Stephen Howard Powles was born on the 27 July 1900 in Newmarket, Suffolk, England. He was educated at Uppingham, and the Royal Military Academy, Woolwich, and was commissioned in the Royal Field Artillery in July 1919. His unit was posted to the Army of Occupation of the Rhine in January 1920, and later spent a year in Upper Silesia.
In the autumn of 1924 Powles' cousin, Lord Howard de Walden, suggested that he should go to Kenya where he himself was about to buy farming land in the Trans Nzoia, saying that later he might give Powles a small farm. Powles arrived in Kitale, Kenya, in December 1924 and worked as Estates Manager to the Howard de Waldens, father and son, until 1963. During World War II Powles served in the Army (1939-1944).
Powles served on many Committees and Boards between 1934 and 1963 including the Agricultural Production and Settlement Board, the Council of Kenya National Farmers' Union, and the Maize Marketing Board.

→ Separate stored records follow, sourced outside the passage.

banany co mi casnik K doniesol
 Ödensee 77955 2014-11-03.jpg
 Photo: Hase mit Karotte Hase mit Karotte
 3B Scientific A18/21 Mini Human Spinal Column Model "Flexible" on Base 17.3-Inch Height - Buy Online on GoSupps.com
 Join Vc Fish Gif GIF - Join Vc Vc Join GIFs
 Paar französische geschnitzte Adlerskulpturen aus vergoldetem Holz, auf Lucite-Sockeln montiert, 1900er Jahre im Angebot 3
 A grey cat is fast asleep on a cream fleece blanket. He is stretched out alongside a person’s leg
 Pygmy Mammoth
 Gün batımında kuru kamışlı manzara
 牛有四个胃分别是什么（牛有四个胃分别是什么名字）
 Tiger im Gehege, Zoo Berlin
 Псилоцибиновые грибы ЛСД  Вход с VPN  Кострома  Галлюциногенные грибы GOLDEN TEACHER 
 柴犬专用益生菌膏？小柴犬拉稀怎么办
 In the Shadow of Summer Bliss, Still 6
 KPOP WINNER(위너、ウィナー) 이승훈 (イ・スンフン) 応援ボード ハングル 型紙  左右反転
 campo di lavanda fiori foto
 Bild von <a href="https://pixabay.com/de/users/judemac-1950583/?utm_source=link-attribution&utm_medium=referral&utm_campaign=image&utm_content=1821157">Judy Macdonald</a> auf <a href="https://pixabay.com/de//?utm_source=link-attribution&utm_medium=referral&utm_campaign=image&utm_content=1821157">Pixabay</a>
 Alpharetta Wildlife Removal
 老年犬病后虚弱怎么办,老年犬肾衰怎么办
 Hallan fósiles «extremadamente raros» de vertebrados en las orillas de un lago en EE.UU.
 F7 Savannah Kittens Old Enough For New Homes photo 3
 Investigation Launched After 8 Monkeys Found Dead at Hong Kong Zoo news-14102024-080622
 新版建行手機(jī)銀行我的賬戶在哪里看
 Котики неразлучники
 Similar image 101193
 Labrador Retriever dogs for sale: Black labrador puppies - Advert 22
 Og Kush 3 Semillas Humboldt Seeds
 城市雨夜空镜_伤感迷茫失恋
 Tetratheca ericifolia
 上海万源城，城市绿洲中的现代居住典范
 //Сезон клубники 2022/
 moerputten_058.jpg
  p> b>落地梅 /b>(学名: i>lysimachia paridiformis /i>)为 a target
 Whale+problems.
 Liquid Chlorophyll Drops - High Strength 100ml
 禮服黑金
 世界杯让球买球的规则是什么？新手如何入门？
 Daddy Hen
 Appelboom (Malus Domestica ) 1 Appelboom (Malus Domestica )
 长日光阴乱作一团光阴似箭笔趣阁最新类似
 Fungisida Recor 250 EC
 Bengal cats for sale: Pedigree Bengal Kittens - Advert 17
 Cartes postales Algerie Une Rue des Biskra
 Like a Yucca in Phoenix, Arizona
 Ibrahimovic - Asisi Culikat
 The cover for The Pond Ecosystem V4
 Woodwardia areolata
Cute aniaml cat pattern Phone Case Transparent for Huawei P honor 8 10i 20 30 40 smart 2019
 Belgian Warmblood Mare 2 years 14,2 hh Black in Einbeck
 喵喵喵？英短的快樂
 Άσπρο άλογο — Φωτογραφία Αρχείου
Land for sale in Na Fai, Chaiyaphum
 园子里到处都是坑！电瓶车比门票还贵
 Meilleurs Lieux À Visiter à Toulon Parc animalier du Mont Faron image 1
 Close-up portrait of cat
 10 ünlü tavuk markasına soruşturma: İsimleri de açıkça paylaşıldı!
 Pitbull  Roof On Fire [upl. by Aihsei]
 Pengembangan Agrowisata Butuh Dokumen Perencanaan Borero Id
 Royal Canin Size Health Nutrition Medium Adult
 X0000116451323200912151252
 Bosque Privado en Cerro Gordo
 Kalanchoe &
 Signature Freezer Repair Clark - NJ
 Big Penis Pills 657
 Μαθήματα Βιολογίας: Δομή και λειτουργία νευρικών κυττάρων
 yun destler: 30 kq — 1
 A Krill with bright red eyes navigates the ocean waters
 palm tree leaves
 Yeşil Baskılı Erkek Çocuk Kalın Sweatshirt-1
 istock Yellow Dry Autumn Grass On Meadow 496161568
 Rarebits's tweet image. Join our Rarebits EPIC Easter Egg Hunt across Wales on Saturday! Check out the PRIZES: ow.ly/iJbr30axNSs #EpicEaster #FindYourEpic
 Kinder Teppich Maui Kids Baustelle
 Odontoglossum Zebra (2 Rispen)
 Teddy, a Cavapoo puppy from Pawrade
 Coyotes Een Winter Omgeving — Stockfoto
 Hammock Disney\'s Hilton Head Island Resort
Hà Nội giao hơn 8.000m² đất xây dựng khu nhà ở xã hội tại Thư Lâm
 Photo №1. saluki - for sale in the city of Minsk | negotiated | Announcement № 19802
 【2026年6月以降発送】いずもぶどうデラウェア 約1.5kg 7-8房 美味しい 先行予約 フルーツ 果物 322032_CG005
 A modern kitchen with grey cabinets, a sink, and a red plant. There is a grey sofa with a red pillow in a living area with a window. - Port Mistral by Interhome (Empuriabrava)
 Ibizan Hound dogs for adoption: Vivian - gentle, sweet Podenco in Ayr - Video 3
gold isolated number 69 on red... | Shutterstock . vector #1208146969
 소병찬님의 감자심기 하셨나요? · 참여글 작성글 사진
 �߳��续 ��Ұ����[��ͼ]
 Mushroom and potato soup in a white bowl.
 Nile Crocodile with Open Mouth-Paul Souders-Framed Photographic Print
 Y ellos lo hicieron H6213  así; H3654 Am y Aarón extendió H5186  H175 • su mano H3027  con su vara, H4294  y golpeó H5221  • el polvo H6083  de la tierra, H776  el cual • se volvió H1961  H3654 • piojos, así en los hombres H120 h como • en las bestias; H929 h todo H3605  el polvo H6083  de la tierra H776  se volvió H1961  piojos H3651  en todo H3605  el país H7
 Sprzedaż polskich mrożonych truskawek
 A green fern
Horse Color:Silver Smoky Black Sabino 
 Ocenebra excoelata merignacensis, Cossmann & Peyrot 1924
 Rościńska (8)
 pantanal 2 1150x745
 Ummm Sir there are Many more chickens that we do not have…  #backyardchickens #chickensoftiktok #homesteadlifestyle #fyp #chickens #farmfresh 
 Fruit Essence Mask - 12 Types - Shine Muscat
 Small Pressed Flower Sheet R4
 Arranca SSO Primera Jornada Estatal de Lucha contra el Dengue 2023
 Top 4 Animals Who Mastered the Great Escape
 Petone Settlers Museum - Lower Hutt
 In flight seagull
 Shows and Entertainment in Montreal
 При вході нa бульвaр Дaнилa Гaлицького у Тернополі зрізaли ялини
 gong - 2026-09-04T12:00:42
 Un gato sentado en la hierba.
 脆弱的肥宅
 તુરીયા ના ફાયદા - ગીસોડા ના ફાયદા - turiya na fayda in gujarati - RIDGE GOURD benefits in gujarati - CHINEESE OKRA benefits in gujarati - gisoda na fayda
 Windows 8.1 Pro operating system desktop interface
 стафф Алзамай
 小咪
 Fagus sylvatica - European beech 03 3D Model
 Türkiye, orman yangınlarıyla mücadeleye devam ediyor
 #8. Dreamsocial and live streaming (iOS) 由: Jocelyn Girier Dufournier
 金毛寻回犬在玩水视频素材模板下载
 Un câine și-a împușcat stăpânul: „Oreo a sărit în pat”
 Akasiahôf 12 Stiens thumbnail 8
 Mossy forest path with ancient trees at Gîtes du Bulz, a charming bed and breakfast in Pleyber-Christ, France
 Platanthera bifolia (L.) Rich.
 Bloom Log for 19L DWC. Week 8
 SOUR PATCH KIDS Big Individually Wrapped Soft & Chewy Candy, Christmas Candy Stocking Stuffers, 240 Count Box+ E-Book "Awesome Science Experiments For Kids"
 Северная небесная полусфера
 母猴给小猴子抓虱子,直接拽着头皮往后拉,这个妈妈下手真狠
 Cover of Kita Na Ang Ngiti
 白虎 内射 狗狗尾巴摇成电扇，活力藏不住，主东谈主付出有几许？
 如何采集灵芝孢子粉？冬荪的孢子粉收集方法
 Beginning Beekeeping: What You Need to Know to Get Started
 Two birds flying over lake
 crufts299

Public companies of which he was Director (1934-1967) included the East African Standard, Mombasa Times, Tanganyika Standard, Uganda Argus (from 1954), and the Upper Nairobi Township & Estate Company of which he became Chairman.
From the guide to the Diaries of Stephen H. Powles, 1928-1969, (The Bodleian Library of Commonwealth and African Studies at Rhodes House)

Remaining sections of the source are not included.